Charles Babbage (1791-1871) was a mathematician, a mechanician, an economist and a polemecist. He lived at a time when analysis and rigorous experimentation were beginning to push the bounds of human knowledge beyond what even the most able individual could hope to master. Perhaps he was one of the last true polymaths.
In the twenty-first century we take for granted the existence of high performance computation. Our communications technologies, entertainment systems, vehicles and even domestic applicances have automatic computers embedded within them that are performing numerical and symbolic computations at an astounding rate. Our economy, our technology and our culture are mediated by commodity computing.

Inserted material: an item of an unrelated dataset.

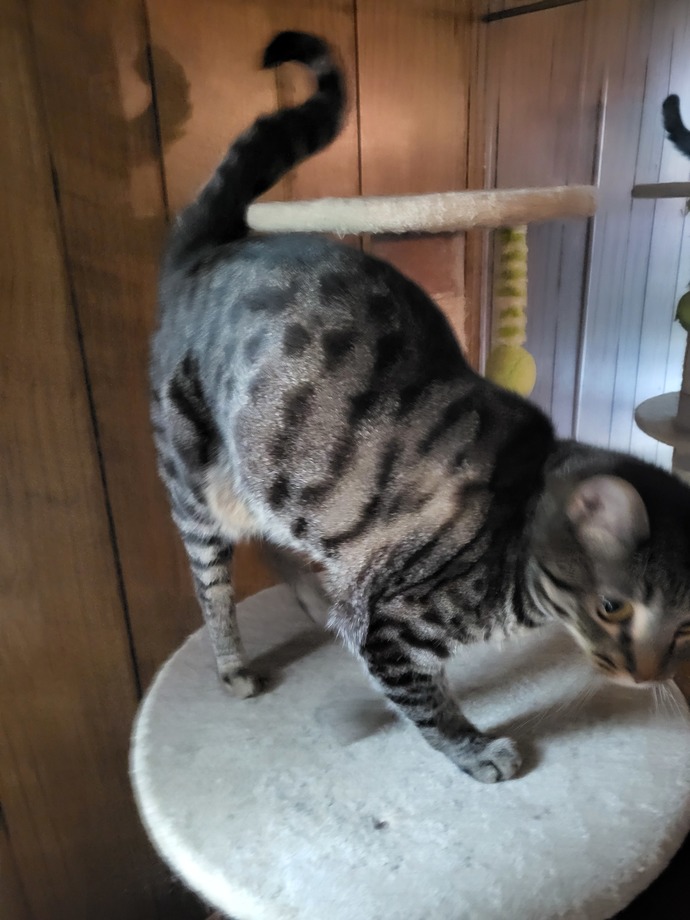 Is my cat fat, or does she look normal?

In Babbage’s day, and indeed right up until the mid-1970’s, much day-to-day computation demanded the use of pre-computed tables of logarithms and trigonometric functions. Preparation of such tables by hand is a Herculean, and error prone, task. In his twenties, Babbage became enthused by the possibility of building machines that would automate the procedures then used for table production by teams of human computers. This work eventually led him to the design of general purpose Analytical Engines that embody many of the features of modern computers. These were not vague fantasies, like the time machines and faster-than-light drives of current science fiction, but detailed engineering designs for mechanisms that performed arithmetic and stored intermediate results under the control of an externally supplied program.

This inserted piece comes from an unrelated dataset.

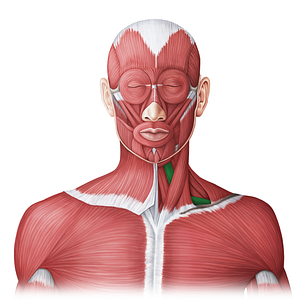 Omohyoid muscle (#20026)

Stories of pioneering intellectual breakthroughs are often presented as an unbroken and almost inevitable progression towards the final goal. The true fascination of Babbage, though, is that his work stands as an anachronism because it was not carried forward. There is little discernible link between Babbage’s prescient ideas and the development of twentieth century automatic calculators and computers which began in the mid-1930’s and came to fruition during and immediately after World War II. Babbage succeeded intellectually, but failed to change the world, and was almost completely forgotten.